Example: Suppose we have the following sets:

  • W has elements with sizes {1,2,3,4}
  • X has elements with sizes {12,11,7,5}
  • Y has elements with sizes {1,1,4,5}  (the ability to allow repeat numbers is why we define the sets as elements with sizes rather than sets of integers)

If B=14, then the partition where A1 is the first element in W, X, and Y, A2 is the second element in W, X, and Y, and so on gives each Ai set a sum of 14.  Obviously, we don’t need to choose corresponding elements from W, X, and Y to form the sets (for example, rearranging the elements in X to be in increasing order doesn’t change whether the problem can be solved, just the exact composition of the Ai sets)

Reduction: I tried doing a reduction using 3-partition, but got stuck (I’ll show it below, in case you want to try to fix it).  G&J refer you to Theorem 4.4 in the book, which is the proof that 3-partition itself is NP-Complete.

We can follow that along and do similar steps to our problem:

  • Theorem 4.3 shows how to turn 3DM into 4-partition (a problem like 3-partition but each set in the solution has 4 elements instead of 3).  Since the sets that are created in the 4-partition solution come from 4 different places (page 98 calls then a “ui, a wi[·], an xj[·], and a yk[·]).  Since these partitioned sets all add to the same total (B) and come from 4 disjoint parent sets, we can see how we could do basically the same reduction and show that the “numerical 4-dimensional matching problem” is NP-Complete.
  • Theorem 4,4 shows how to turn a 4-parition problem into a 3-partition problem.  The idea is to add enough “pairing” and “filler” elements to the 3-partition instance to make any 4-partition set be split into two 3-partition sets, each consisting of 2 elements from the 4-parittion, plus the “pairing” element of one of the 2 elements chosen.  We can do something similar converting numerical 4-dimensional matching to numerical 3-dimentional matching.  (The difference is that we are given specifically which sets the elements are coming from)  So, if we’re given W, X, Y, and Z in our numerical 4DM instance, we construct W’ to be elements from W and Y, X’ to be elements from X and Z, and Y’ to be the pairing elements of pairs from W’ and X’.  We then need to add enough filler elements to our 3 sets in a similar way to the 3-partition proof (again, the difference is that we have to specifically assign them to W’, X’, or Y’.  But that can be determined by how the 3-partition proof allocates the items)

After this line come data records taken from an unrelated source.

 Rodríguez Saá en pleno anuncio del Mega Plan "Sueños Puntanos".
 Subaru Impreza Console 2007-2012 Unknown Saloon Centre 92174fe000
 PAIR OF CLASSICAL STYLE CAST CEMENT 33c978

Difficulty: If you have gone over the 3-partition reduction, this is probably a 6.  Lots of tricky math but doable in a (hard) homework.    But keep in mind you’re tacking it on to the difficulty 8 of understanding the 3-partition reduction in the first place.

My reduction I couldn’t get to work: I really want there to be an easier way to do this.  I tried reducing from 3-partition directly because the problems are so similar.  Here is where I got to:

We’re given a 3-parititon instance S, and an integer B.  Our goal is to split S into sets of size 3 that all add up to B.

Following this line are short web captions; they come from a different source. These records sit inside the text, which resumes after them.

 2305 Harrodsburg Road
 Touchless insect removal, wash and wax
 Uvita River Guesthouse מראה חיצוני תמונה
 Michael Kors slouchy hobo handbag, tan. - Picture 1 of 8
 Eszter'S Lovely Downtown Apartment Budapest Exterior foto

So, let’s use S to create 3 sets in our numerical 3DM instance:

  • W has all of the elements in S
  • X has all of the elements in S, but the sizes are each increased by 10B.
  • Y has all of the elements in S, but the sizes are each increased by 100B.

This would make B’ be 111B.

S has a 3-parititon, then for each set {si, sj, sk}, we take the three sets {wi, xj, yk}, {wj, xk, yi}, and {wk, xi, yj}  This will solve the numerical 3DM instance.

My problem comes showing this in the other direction.  If we have a numerical 3DM solution, we can only construct the 3-partition instance if the sets in the 3DM solution arrange themselves nicely like they do above.  I need to show that if the 3DM solution has {wi, xj, yk}, then the set in the 3DM solution that contains wj also contains xi (or xk) and yk (or yi).  I think you can get there by using the rules about how the bounds of the elements in the 3-partition instance work, but the work you need to do to show that it’s true makes this way of doing things no longer “easier” than the Theorem 4.4 proof I sketched above, so I gave up on it.

I still wish there was a more elegant way to transform this problem, though.

3-Matroid Intersection

This is a problem that was really hard for me to understand and explain.  It may be less so or other people, though.

The problem: 3-Matroid Intersection.  This is problem SP11 in the appendix.

The description: Given three matroids (E,F1), (E, F2), (E,F3), and a positive integer K.  Can we find a subset E’ of E with K elements that is in the intersection of F1, F2, and F3?

A matroid (E,F) is a set of elements E, and a family F of subsets of E with the following properties:

  • Some set S in the family F implies that all subsets of S are also in F.
  • If I have two sets S and S’ in F, and |S| = |S’|+1, then there is some element e that is in S but not S’, and adding e to S’ gets us a set also in F.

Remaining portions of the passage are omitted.